You have a set of tasks for a robot. There is no precedence constraint requiring any task to be completed before another. Each requires a certain amount of time and has a certain deadline. Your predecessor assures you there is enough time for the robot to do everything, but he doesn’t remember how. (His lack of organization explains why he is your predecessor and not your boss.) You have to arrange things so your robot finishes each task by its deadline.
In which order do you schedule the tasks starting from current day 0?
Task T1 takes 4 days with deadline on day 45
Task T2 takes 4 days with deadline on day 48
Task T3 takes 5 days with deadline on day 25
Task T4 takes 2 days with deadline on day 49
Task T5 takes 5 days with deadline on day 36
Task T6 takes 2 days with deadline on day 31
Task T7 takes 7 days with deadline on day 9
Task T8 takes 5 days with deadline on day 39
Task T9 takes 4 days with deadline on day 13
Task T10 takes 6 days with deadline on day 17
Task T11 takes 4 days with deadline on day 29
Task T12 takes 1 day with deadline on day 19
Hint: | The best algorithm for this problem has the very suggestive name: “Earliest Deadline First.” |
In which order do you schedule the tasks starting from current day 0?
This is a situation where you don’t want the computer to explore all cases, trying all 12! Orderings might take a while and would be completely impractical if there were even 20 tasks. As alluded to in the hint, there is an efficient scheduling algorithm with a very suggestive name: Earliest Deadline First. In fact, the name is the algorithm. That is, you first do the task with the earliest deadline and continue to do every other task in deadline order. In this case, the algorithm gives us an ordering:
T7 T9 T10 T12 T3 T11 T6 T5 T8 T1 T2 T4
Call a schedule in which every task completes by its deadline a “good schedule.” Earliest Deadline First has the following excellent property: If there is a good schedule for a set of tasks, then using Earliest Deadline First on those same tasks will find one. The proof is simple and elegant. See if you can think how it might go before reading on.
Suppose that in a good schedule S, task T executes just before T’ even though T has a later deadline than T’. Suppose further that T is the first task for which this is true. Because both T and T’ complete before their deadlines, swapping the two will still enable them to complete before their deadlines. (To be concrete, suppose that T has deadline d and T’ has deadline d’. By assumption d’ < d. In the original schedule, both T and T’ complete by their deadlines, so both finish by time d’. Swapping them will preserve that property.) Thus, we can always transform a good schedule into another one in which tasks execute in deadline order.

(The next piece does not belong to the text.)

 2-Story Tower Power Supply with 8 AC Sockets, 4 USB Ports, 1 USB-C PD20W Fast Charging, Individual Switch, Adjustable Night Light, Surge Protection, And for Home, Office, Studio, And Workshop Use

Unfortunately, sometimes a system is overloaded, and that can change Earliest Deadline First from a great strategy to a really poor one. For example, what is the shortest task you could add to the above list to cause Earliest Deadline First to miss every deadline? For now, assume that your robot will continue working on a task T even after its deadline has passed, provided T has the earliest deadline of all uncompleted tasks. Give it a try.
A task requiring 3 days with deadline 2 or earlier will do it. That new task will fail to complete by its deadline and will cause every other task to miss its deadline as well.
Working on a task after its deadline has passed may seem foolish. It would be far better to drop some tasks and complete others. We’ll work on such a strategy in the puzzle “Overloaded Scheduling and Freezing Crystals.” The fundamental point here is that a naive greedy approach can be brittle, that is, it may work well until a certain load and then cease to work entirely.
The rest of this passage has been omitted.